Professeur titulaire –Université du Québec à Chicoutimi. Canada

Résumé :

Les peuples venus d’ailleurs, que ce soit les libanais, les africains de tous horizons, les occidentaux ou les
asiatiques, les exilés de guerre fratricide comme les libériens, ajoutés à la diversité ethnique, font partie de l’ethos
historique de la Côte d’Ivoire (CIV). Ils représentent d’une certaine manière, le prisme de lecture dominant de la
société ivoirienne. Cette diversité est l’horizon indispensable de notre temps avec laquelle il s’agit de reconstruire
une société ivoirienne à partir d’une nouvelle maquette, celle de l’inclusion et de l’égalitarisme identitaire.
La logique de la décolonisation amorcée avec la fracture des empires européens, devrait se poursuivre à l’intérieur
même de chaque nation, qui se serait construite à travers l’hégémonie d’un ou de quelques groupes culturels
particuliers. De la décolonisation extérieure, la CIV passerait à la décolonisation intérieure ; la fin de
l’impérialisme devrait s’accompagner de la fin de l’État-nation. La nation, alors ne sera qu’une majorité non plus
historique, mais démographique. La communauté politique doit se désinvestir de son particularisme historique,
voire ethnique, pour réaménager les rapports intercommunautaires dans une perspective explicitement égalitaire.
Et si l'identité nationale n'est plus qu'une culture majoritaire n'ayant pour elle que le privilège démographique, il
faut donc, encore une fois, mettre à plat la communauté politique pour qu'une diversité d'identités puisse désormais
s'y manifester. La citoyenneté qui devrait s’évider de tout substrat identitaire, ne serait plus qu’un article juridique,
parce qu’elle serait déliée de la nationalité en désarticulant la communauté politique de la communauté historique.
Il faudrait donc dissoudre les cultures historiques dans une forme d'indétermination historique les réduisant
désormais à un pacte juridique appelé à se fondre dans le cadre d'un contractualisme diversitaire. L'identité
nationale serait alors pour la communauté diversitaire ivoirienne, la recherche, si elle ne l'a pas, l'affirmation si elle
la possède, et la défense si elle la croit menacée, de la maîtrise de sa vie politique, économique et culturelle
L'important est de souligner que c'est le peuple concret qui reste indéterminé. Le peuple ne préexiste pas au fait de
l'invoquer et de le rechercher.

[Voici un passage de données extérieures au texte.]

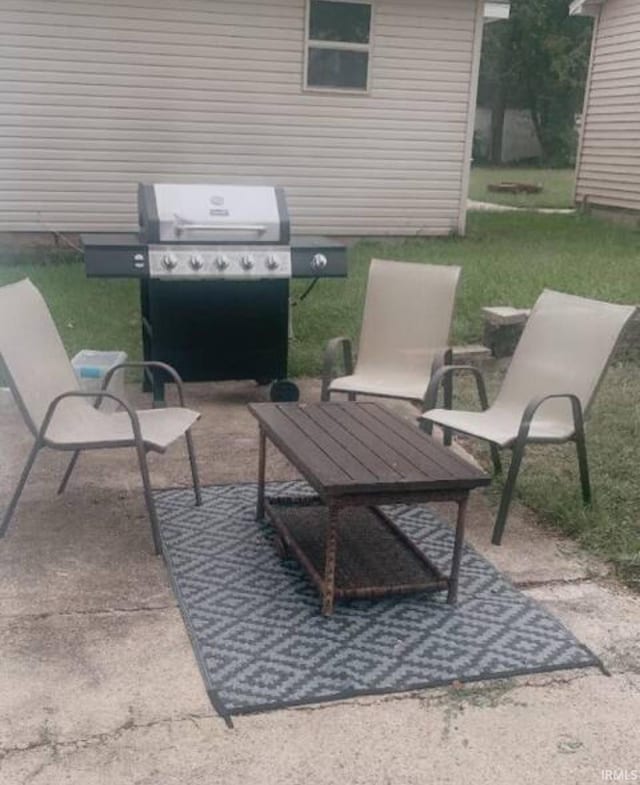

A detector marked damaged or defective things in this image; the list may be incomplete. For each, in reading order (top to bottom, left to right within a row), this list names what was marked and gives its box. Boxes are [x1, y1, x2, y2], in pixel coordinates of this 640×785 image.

cracked concrete [0, 378, 636, 776] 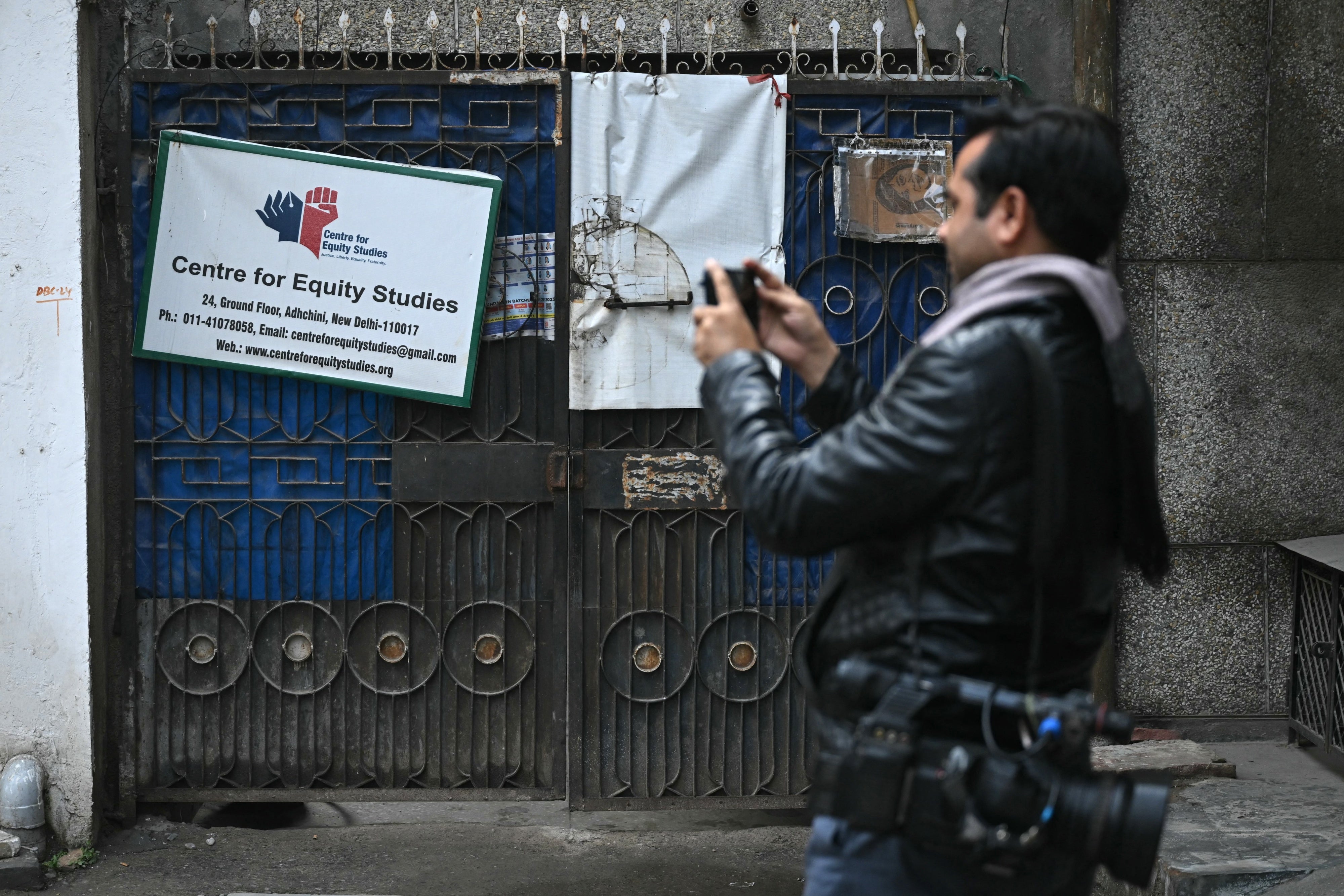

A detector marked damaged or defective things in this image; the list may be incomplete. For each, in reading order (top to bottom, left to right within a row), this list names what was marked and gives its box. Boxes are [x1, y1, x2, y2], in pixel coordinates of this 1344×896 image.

La CIV serait donc devant un paradoxe, une démocratie sans démos, sans peuple, un
pouvoir ne sachant plus à quel peuple se référer. Il s'agira donc de renouveler la question du contractualisme et
cela, bien évidemment, à partir de la diversité, ce qui implique une transformation programmée des processus de
représentation.
En fait, si la souveraineté ne trouve pas à renouveler sa légitimité de la représentation de la diversité, elle sera
désormais vécue et ressentie comme une pure domination. La démocratie pour s'accomplir comme un idéal, devrait
passer par un nouveau processus qui ne chercherait plus à représenter la société comme une unité dans la mise en
scène de grands projets concurrents, mais la société comme diversité. Ainsi vont le vivre-ensemble et le vivre
–avec, piliers d'un État diversitaire
L'institutionnalisation de la diversité ou du multiculturalisme serait nécessaire à la démocratisation de la
communauté politique qui devrait s'ouvrir au mouvement de recomposition continue du Démos. La démocratie ne
serait qu'une mise en forme de la diversité contre l'hégémonie institutionnalisée dans l'État-nation.
Il ne suffit pas d'ouvrir la citoyenneté aux groupes minoritaires qui prétendent se constituer dans une dynamique
revendicative. Il faut plutôt ouvrir la société et construire une nouvelle représentation de la collectivité,
véritablement inclusive et, ensuite, travailler à implanter en changeant les mentalités et les attitudes devant la
diversité, ce qui passe par un plaidoyer justifiant le passage de la tolérance à la reconnaissance, de la politesse à
l'obligation d'aimer, du respect de son prochain à l'amour obligatoire de son prochain.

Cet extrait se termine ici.